:: SOURCE MATERIAL ::

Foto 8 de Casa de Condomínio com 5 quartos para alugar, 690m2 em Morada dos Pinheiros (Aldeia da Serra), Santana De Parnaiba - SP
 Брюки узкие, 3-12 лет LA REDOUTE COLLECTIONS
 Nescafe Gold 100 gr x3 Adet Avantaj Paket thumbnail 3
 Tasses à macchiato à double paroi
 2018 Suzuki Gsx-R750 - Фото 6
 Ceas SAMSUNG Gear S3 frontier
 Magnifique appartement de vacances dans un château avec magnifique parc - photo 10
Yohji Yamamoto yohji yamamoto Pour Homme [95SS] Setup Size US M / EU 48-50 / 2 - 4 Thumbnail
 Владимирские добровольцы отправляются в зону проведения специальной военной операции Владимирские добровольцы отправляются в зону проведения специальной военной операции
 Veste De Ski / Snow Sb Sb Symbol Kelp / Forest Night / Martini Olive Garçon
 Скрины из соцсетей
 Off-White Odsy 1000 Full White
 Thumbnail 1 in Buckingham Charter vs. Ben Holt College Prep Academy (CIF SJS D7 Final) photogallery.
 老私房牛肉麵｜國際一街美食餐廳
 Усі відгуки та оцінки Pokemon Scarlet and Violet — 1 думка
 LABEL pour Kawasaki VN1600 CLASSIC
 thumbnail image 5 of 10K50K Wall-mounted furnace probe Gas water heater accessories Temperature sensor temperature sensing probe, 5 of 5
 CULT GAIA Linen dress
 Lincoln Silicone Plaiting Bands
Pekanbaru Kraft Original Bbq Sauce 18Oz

:::

● **WHAT IS BEING ASKED**:
Each line from the one containing "Thumbnail 1 in" through the end of the listing above should be copied exactly, with no other line included.

● **RESPONSE BELOW**:
 Thumbnail 1 in Buckingham Charter vs. Ben Holt College Prep Academy (CIF SJS D7 Final) photogallery.
 老私房牛肉麵｜國際一街美食餐廳
 Усі відгуки та оцінки Pokemon Scarlet and Violet — 1 думка
 LABEL pour Kawasaki VN1600 CLASSIC
 thumbnail image 5 of 10K50K Wall-mounted furnace probe Gas water heater accessories Temperature sensor temperature sensing probe, 5 of 5
 CULT GAIA Linen dress
 Lincoln Silicone Plaiting Bands
Pekanbaru Kraft Original Bbq Sauce 18Oz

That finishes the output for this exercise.